There is no sex or swearing in her books, but in other ways they were realistic. They were aimed at an adult audience, but their clear portrait of young women entering the very ordinary working world – Miss Read was a schoolteacher herself, and so was her husband and she was very strong on the rivalries in the staff room – was particularly interesting to teenagers. At a time when the other working role model available at the public library was Shirley Flight, Air Hostess, Miss Read’s good sense was very welcome. Shirley Flight ended up being proposed to by a pipe-smoking pilot – in Shirley Flight: Castaway – to nobody’s great surprise. Miss Read’s heroines tended, if memory serves, to marry pleasant farmers.

It is her one-time popularity in public libraries both here and in Britain that encourages me to remember her here, deeply unfashionable although she now is. In Rathmines public library the young librarian had never heard of her, and could only dig up one book, Christmas with Miss Read, from the catalogue. (There are a total of 19 entries for her on the online catalogue of Dublin City Libraries). In fact it turned out that Christmas with Miss Read was missing from the shelves, and was not even stored in the basement.

Luckily I found an older librarian who remembered the days of Miss Read’s popularity clearly. Books do fall out of fashion, we agreed. And it seems that when they do they are taken out of the library system, given to old people’s homes – I very much look forward to reading Miss Read in my old people’s home – or pulped.

While one sympathises with the library authorities – this column is big on libraries – they could have got it wrong this time. By a strange coincidence, Christmas with Miss Read is to be reissued by her publisher, Orion, this December, with a new cover. Her very first book, Village School (1955), will be reissued this July. Watch it putter gently up the bestseller lists.

Everything Miss Read wrote, as far as I can see, sold solidly, quietly and for long periods. She was a hit in Japan and Germany. The Americans have always been particular fans. Last week Miss Read’s death was noted in the Washington Post, for example, and her life’s work was discussed at some length in the New York Times.

Miss Read was lucky with her names. She was born Dora Shafe, married a man called Douglas Saint, and then adopted her mother’s maiden name to come up with one of the best noms de plume in the business. She started off writing about her experiences as a young rural schoolteacher in Punch magazine. Her low-key comedy was built on a bedrock of accuracy. She had a sharp ear for the ridiculous, and knew how foolish it often is to be the authority figure in the classroom when you have to say things like “now, I’m looking for two trustworthy rabbits”.

She had wanted to be a journalist but her father considered journalism no job for a woman – and who is to say that he was wrong?

She had moved from London to Chelsfield, near Orpington in Kent, when she was four. Her father had bought a small holding with his annuity from the British army, granted after the Great War.
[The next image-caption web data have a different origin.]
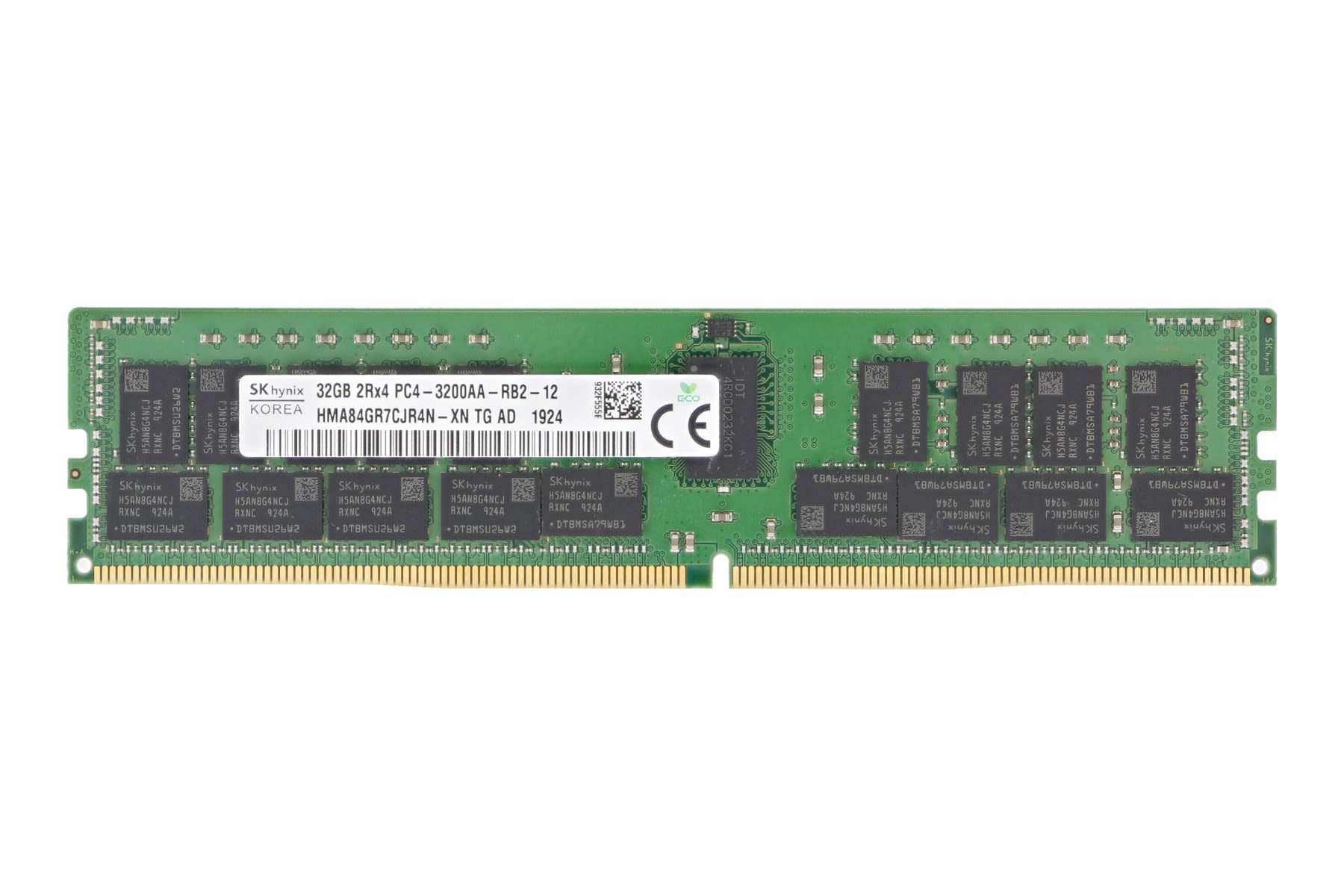SK hynix DDR4-3200 ECC 32GB x4枚【サーバー用】 SK hynix DDR4-3200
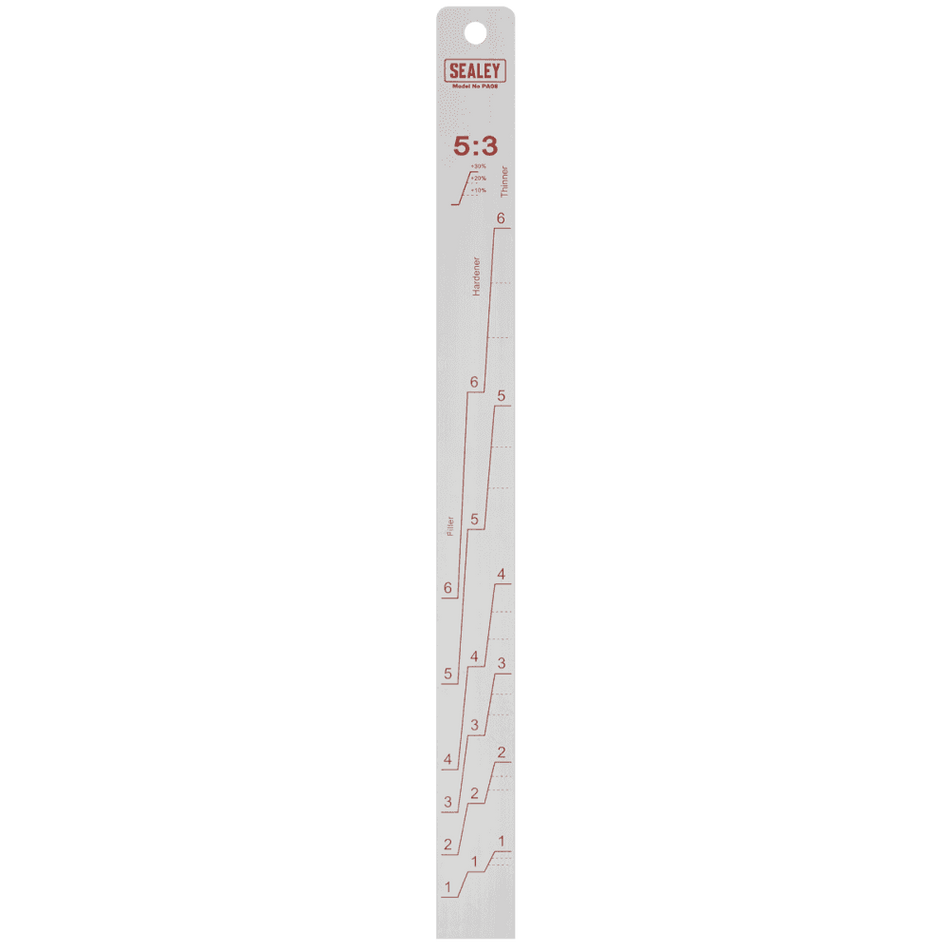 Sealey Aluminium Paint Measuring Stick 5:1/5:3 Model No - PA08
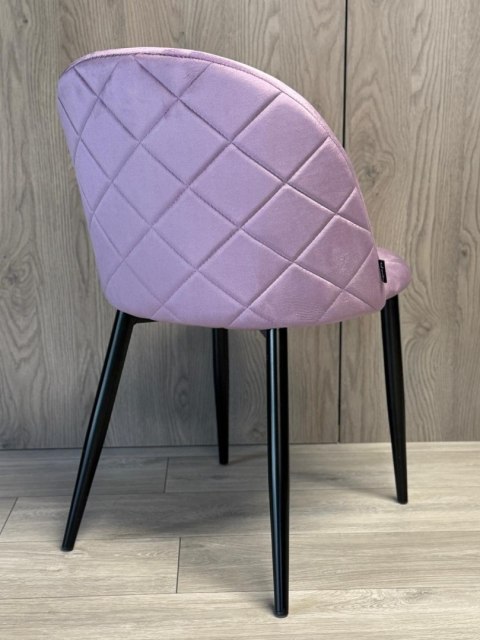 Lugano Krzesło tapicerowane GLORIA VIOLET VELVET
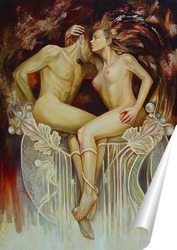   Постер Адам & Ева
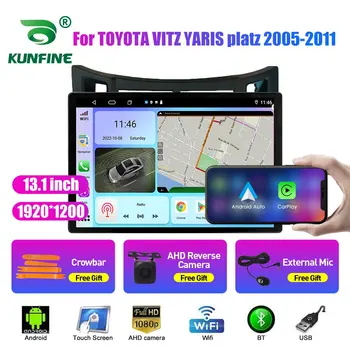 13.1 palčni avtoradia Za TOYOTA VITZ YARIS 2005-2011 Avto DVD GPS Navigacija Stereo Carplay 2 Din Centralne Večpredstavnostna Android Auto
She attended a school in the village and it was essentially this community that she celebrated in her books. Her father, with the pragmatism his daughter would later show, continued to commute to his job as an insurance salesman in London.

Miss Read’s books were intelligent escapism, and very modest in their aims. I can still see the orange-and-white cover of Fresh from the Country, its spine broken and Sellotaped after too many readings.

And I wouldn’t be a bit surprised if I saw it in a brand new cover very shortly.